→ **THE PROBLEM**
As the answer, set down the lines below from the one containing "V&iacute_deo de verificaci&oacute_n" through the one containing "Trở Thành Hầu", exactly and inclusively, and no others.

→ **PROVIDED DATA**
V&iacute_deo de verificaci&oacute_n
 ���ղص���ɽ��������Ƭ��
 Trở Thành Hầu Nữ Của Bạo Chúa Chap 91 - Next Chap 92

==

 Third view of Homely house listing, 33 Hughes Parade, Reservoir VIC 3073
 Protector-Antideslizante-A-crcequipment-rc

→ **RESPONSE**
V&iacute_deo de verificaci&oacute_n
 ���ղص���ɽ��������Ƭ��
 Trở Thành Hầu Nữ Của Bạo Chúa Chap 91 - Next Chap 92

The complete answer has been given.